• [Problem to solve]:
Each line of the data is to be output verbatim, with the images removed.

Start of Data shown

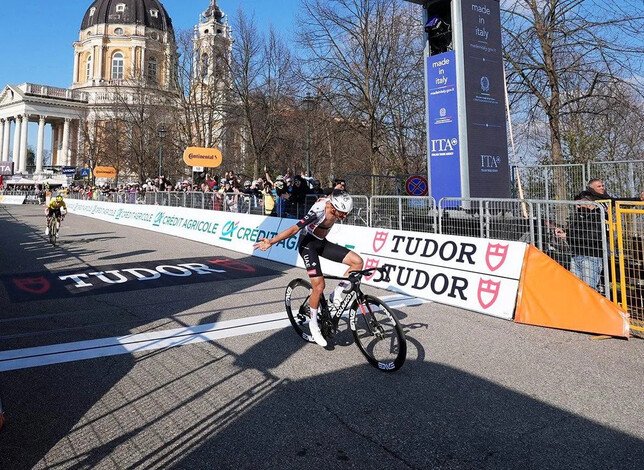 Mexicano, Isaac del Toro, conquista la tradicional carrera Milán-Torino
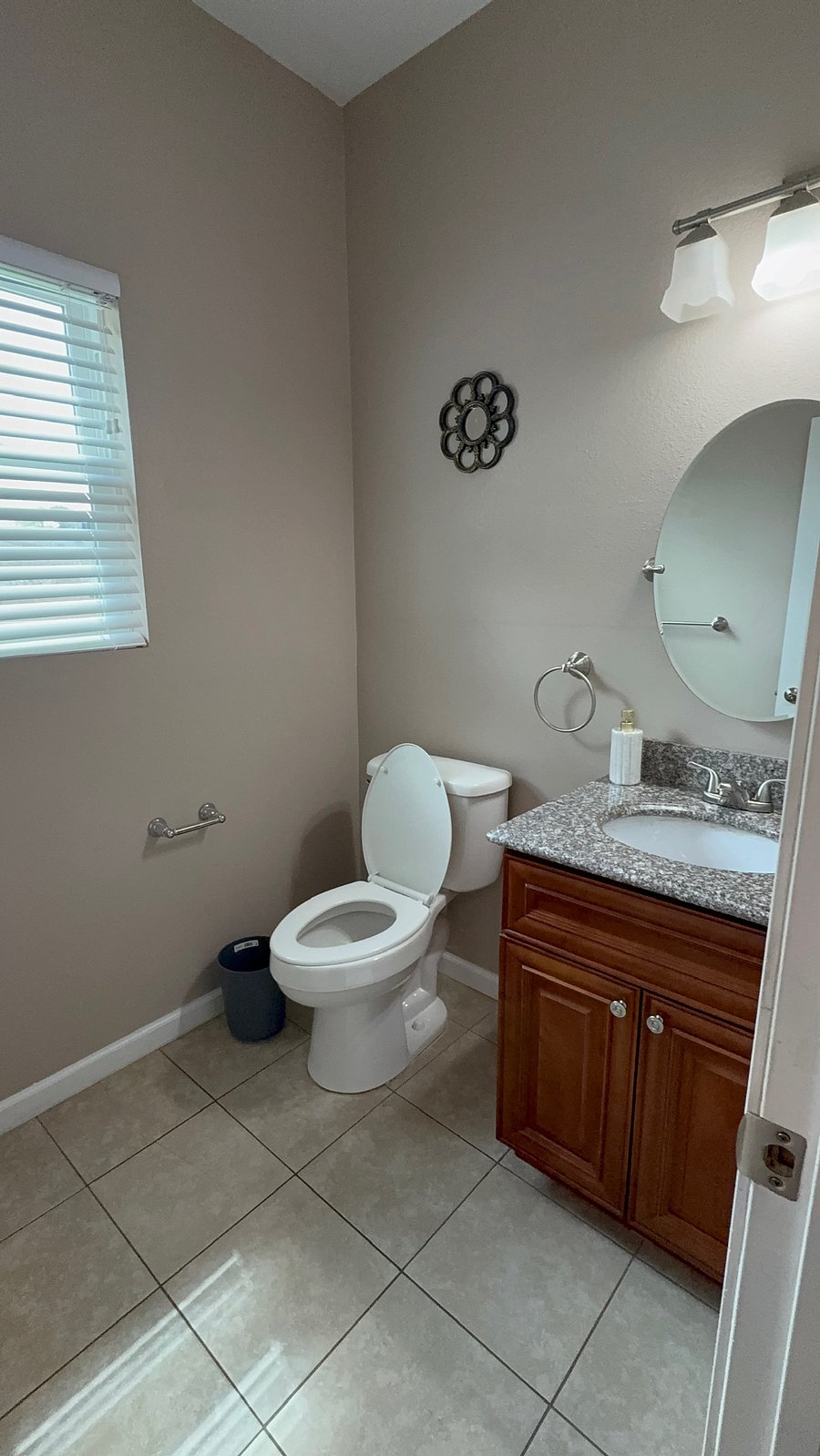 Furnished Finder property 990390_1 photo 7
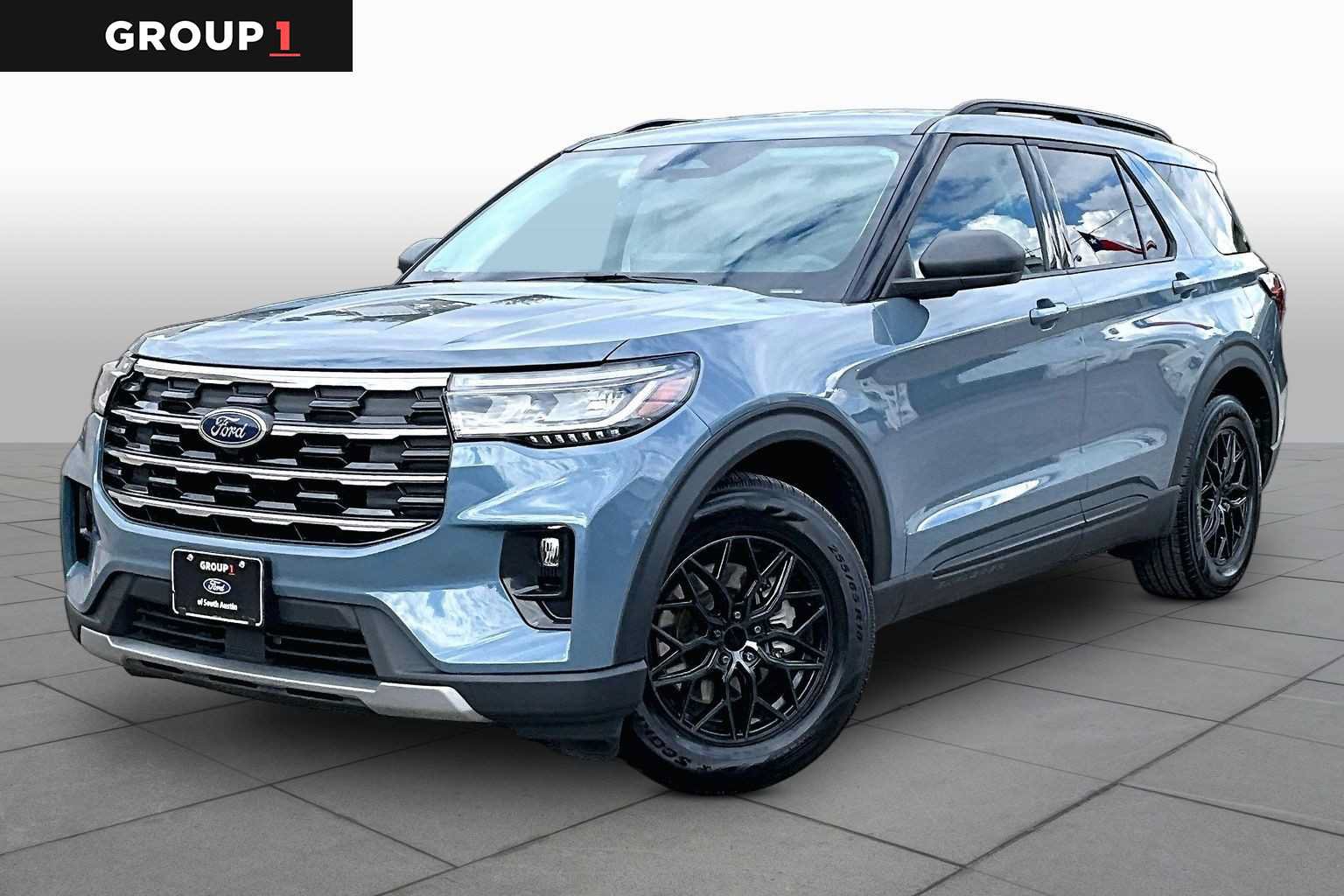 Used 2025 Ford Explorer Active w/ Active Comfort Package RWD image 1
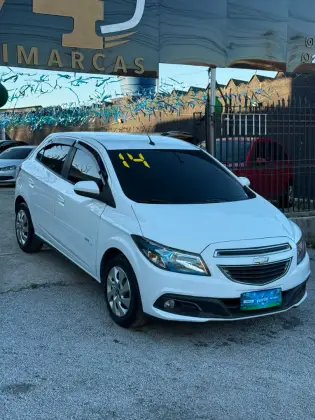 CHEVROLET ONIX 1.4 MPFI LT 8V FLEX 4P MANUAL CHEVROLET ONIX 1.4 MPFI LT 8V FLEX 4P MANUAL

End of Data shown

• [Solution to this exercise]:
 Mexicano, Isaac del Toro, conquista la tradicional carrera Milán-Torino
 Furnished Finder property 990390_1 photo 7
 Used 2025 Ford Explorer Active w/ Active Comfort Package RWD image 1
 CHEVROLET ONIX 1.4 MPFI LT 8V FLEX 4P MANUAL CHEVROLET ONIX 1.4 MPFI LT 8V FLEX 4P MANUAL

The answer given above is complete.